あおもり今・昔122

石江神明宮大絵馬 伊勢の二見浦を描く

 明治8年(1875年)に石神村は江渡村と合併し、それぞれの一字をとって石江村と改称した。その旧石神地区で産土(うぶすな)さまとして信仰されてきたのが石江神明宮である。
 祭神は天照皇大神(三重県伊勢神宮)で、「石江史実」(佐藤光次編集)では「明治三十二年五月十六日に創建した」と記しているが、今回の調査で明治21年奉納の大絵馬が見つかった。そのため、明治21年以前に石江神明宮が鎮座していたことをうかがうことができる。

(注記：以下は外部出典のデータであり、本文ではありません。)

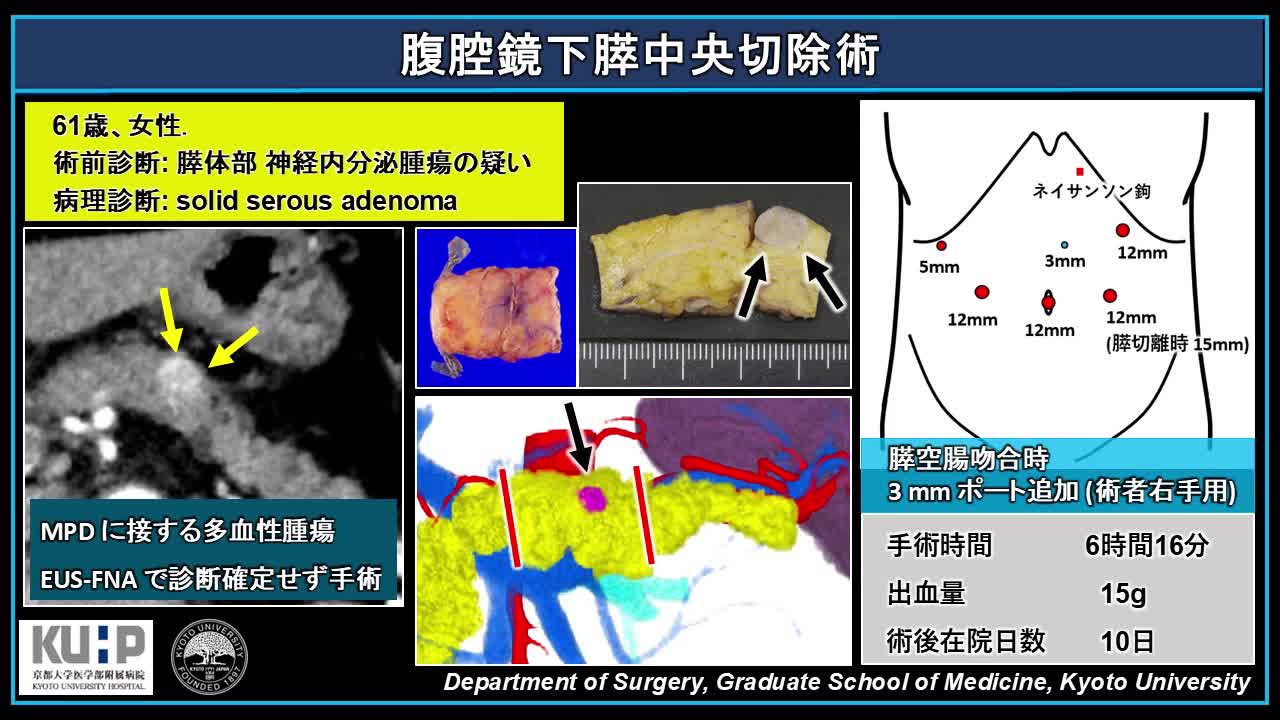 日鏡外会誌 31巻1号 video articles（長井論文）...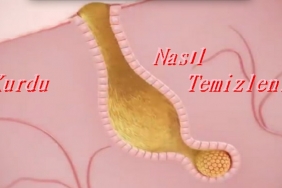 Yüz Kurdu Nasıl Temizlenir? 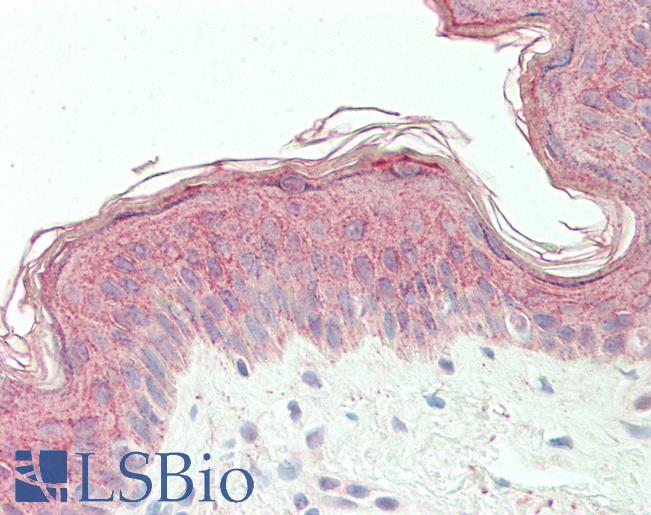 Anti-PHD3 / EGLN3 antibody IHC staining of human skin. Immunohistochemistry of formalin-fixed, paraffin-embedded tissue after heat-induced antigen retrieval. Antibody LS-B11293 concentration 5 ug/ml.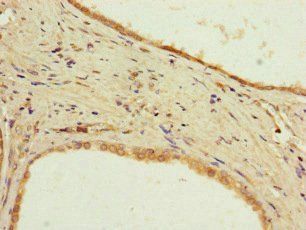PPP2R2D Antibody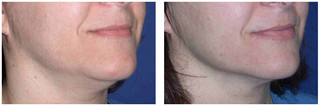 Ulthera - lifting twarzy i ciała przed i po zabiegu
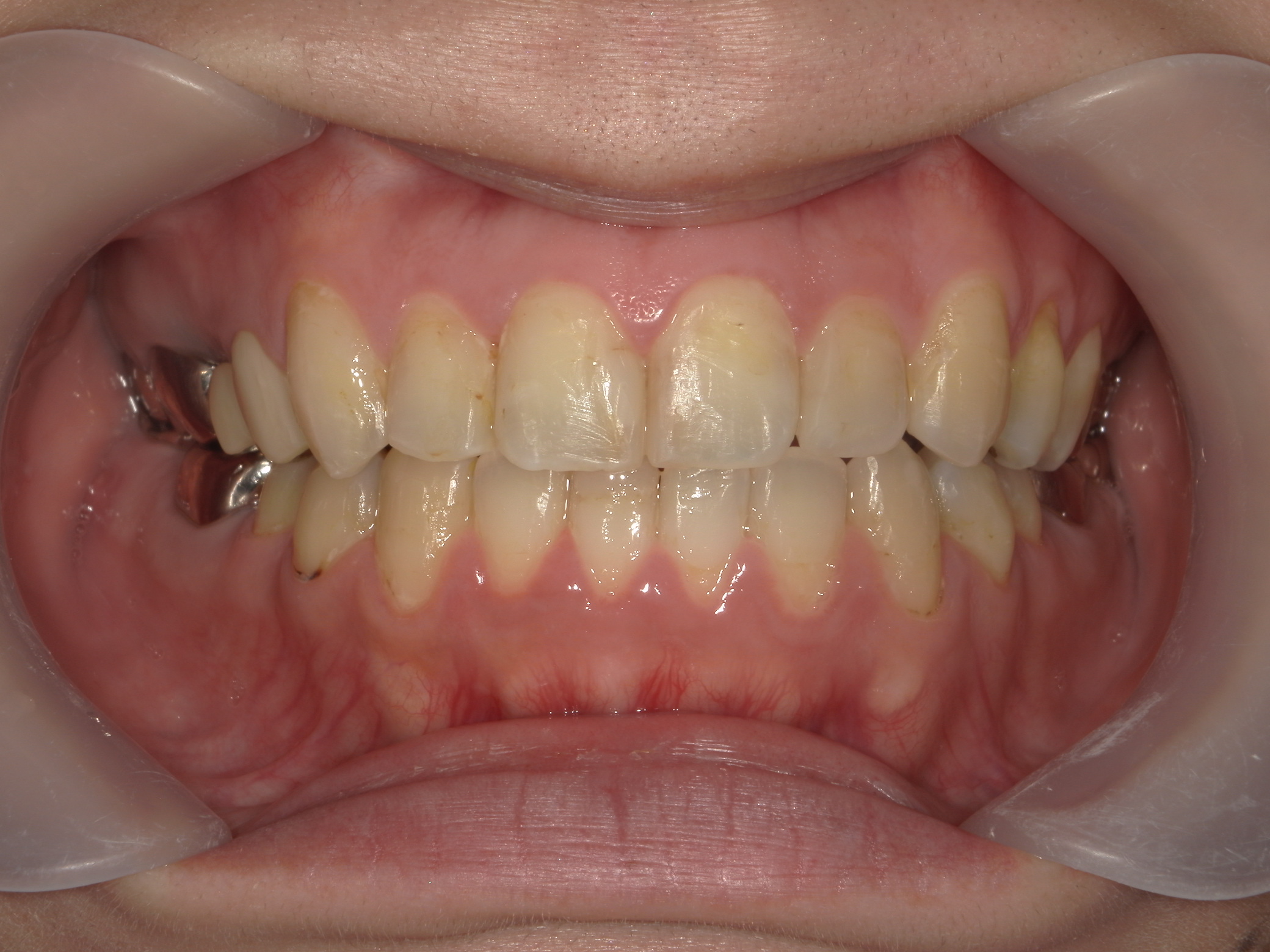 プチワイヤー矯正　症例（43）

 現在、調査で後潟神社・石江稲荷神社・六枚橋熊野宮・戸山斧懸神社・岩渡神明宮の各神社の絵馬に目を通しているが、石江神明宮の絵馬が最大であった。
石江神明宮の大絵馬
▲石江神明宮の大絵馬
 横長の二見浦図角型板絵彩色絵馬で、外寸横188.5センチメートル(内寸横170.5センチメートル)、外寸縦84.5センチメートル(内寸縦66.5センチメートル)もある。大絵馬の「奉納」と記された向かって左下には「明治二十一年太陰暦正月元日 東津軽郡石江村 願主川村岩吉」と奉納者の墨書きがある。伊勢国二見浦の一場面で、向かって右下に和服の旅姿の男が笠に羽織を置いて、夫婦岩に向かって拝んでいる場面である。夫婦岩には注連縄(しめなわ)が張られ、五垂(ごた)れが下げられ、左側に初日の出とその太陽光までも描写されている。白い波しぶきも描かれ、その海上から夫婦岩をデフォルメ(強調)して描き出しているのが特徴である。二見浦はかつて伊勢神宮の神領で、神宮参拝の禊場(みそぎば)とされた。海上に浮かぶ大小ふたつの夫婦岩は二見浦のシンボル的存在で、拝めば家内安全・夫婦和合などに御利益があるとして親しまれている。
 地元の絵に心得のある者が描いたやや稚拙な図柄ではあるが、天照皇大神を崇拝する神明(伊勢)信仰の熱い祈りが伝わってくる。